Glittering Shards: January 2006

Glittering Shards

Saturday, January 07, 2006

In praise of Slow

Life has really slowed down for me in the last couple of weeks. I'm days off being 40 weeks pregnant (waiting, waiting.....). I have been on maternity leave for just over a month now and it feels fantastic to have used the first 3 weeks of my maternity leave to put to bed household projects that have been lurking for ages (tax return, updating our address book, making curtains etc...etc...) as well as getting things ready for the baby (we haven't gone OTT with this but nonetheless it is surprising how much stuff needs to be planned, done or got!). The result of all this was that I started my leave at the beginning of December with a long job list and which has got shorter and shorter and - for the first time in years - has only got nice things left on it (you know, creative projects like sorting out photos!).

What I did discover in the first 4 weeks of my leave was that busyness is not just a state of practical affairs (what needs to get done by when) but also a state of mind. It has taken me 4 weeks of leave to get busyness out of my system. Even as my job list was shrinking away to non-existence, I found that I still felt that same sense of rush, pressure to do stuff and that feeling the need to jump straight from one task to the next. Then it struck me one day that the busyness of what really needed to be done and the busyness in my head were two totally separate things.

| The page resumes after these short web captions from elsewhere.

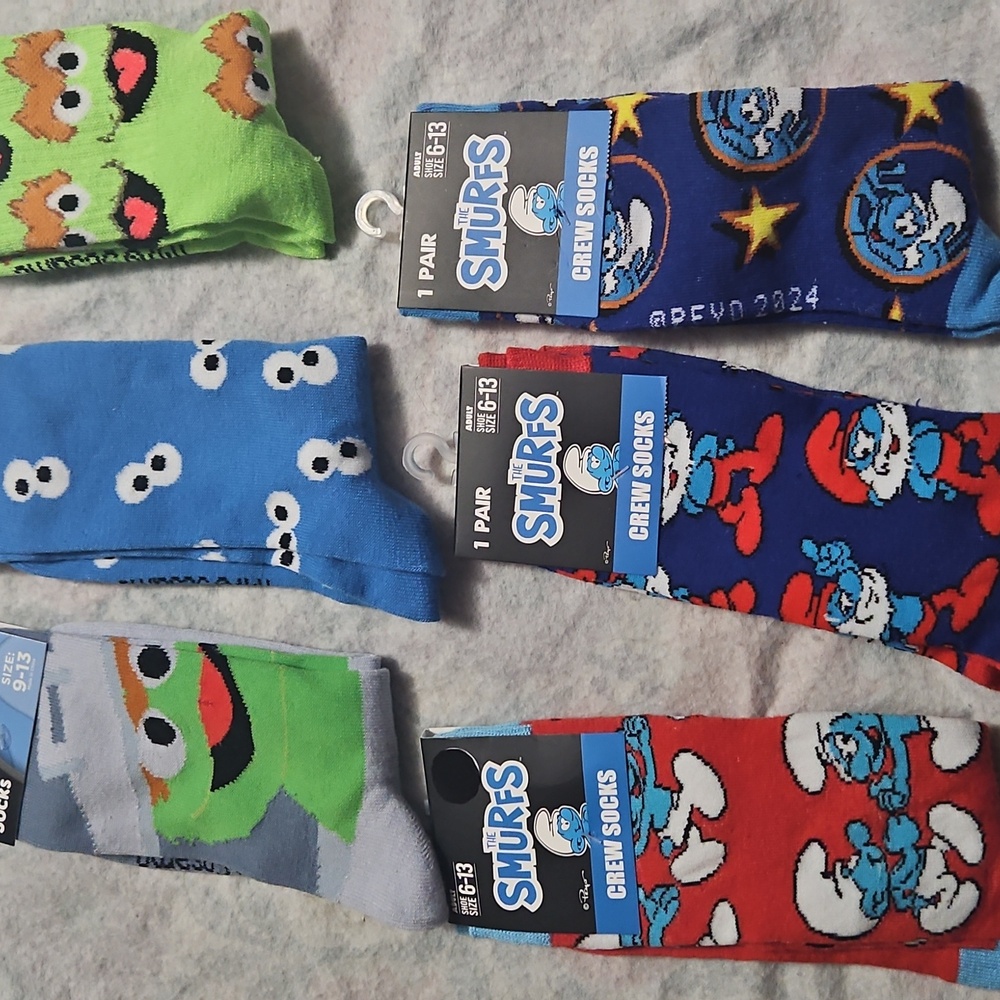 Cookie Monster, Oscar the Grouch and Smurfs socks.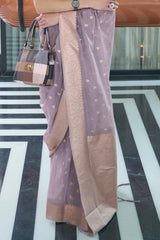 Amethyst Purple Banarasi Modal Silk Saree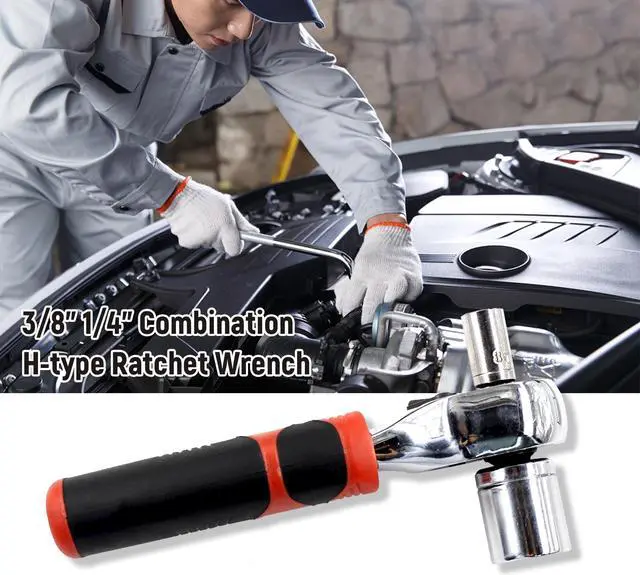 Alt view image 5 of 7 - 49PCS Portable Ratchet Screwdriver Socket Wrench Spanner Set Kit Metric and Inch 1/4" 3/8" Drive with 16-Pieces Screwdriver Bits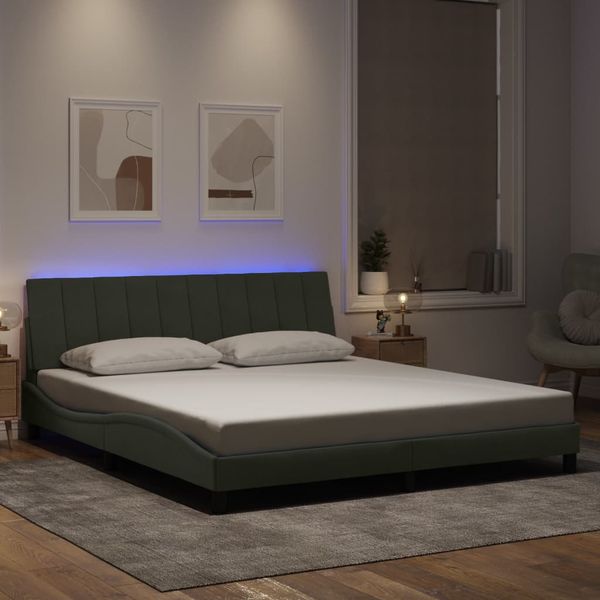 vidaXL Rám postele s LED bez matraca Hankobledosivý 180x200 cm zamat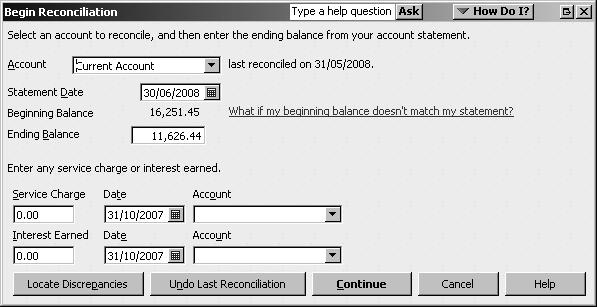 Reconciling accounts Reconciling accounts means making the recorded transactions in your QuickBooks accounts match what is happening in the real world.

I have lived for years as a very 'busy-headed' person and slowing down is alien to me. But I am finally achieving it (in good time too, because I understand that little babies and high levels of output and productivity don't really go together!). One thing that has helped me enormously was getting a book out of the library called In Praise of Slow. I actually got it out in October and have been renewing it repeatedly (at first, I didn't have time to read it! Ha ha! And now I am reading it sllooowwwly!) It is fantastic - all about how a worldwide movement is challenging our modern day addiction to doing more, faster and in less time. I thoroughly recommend it.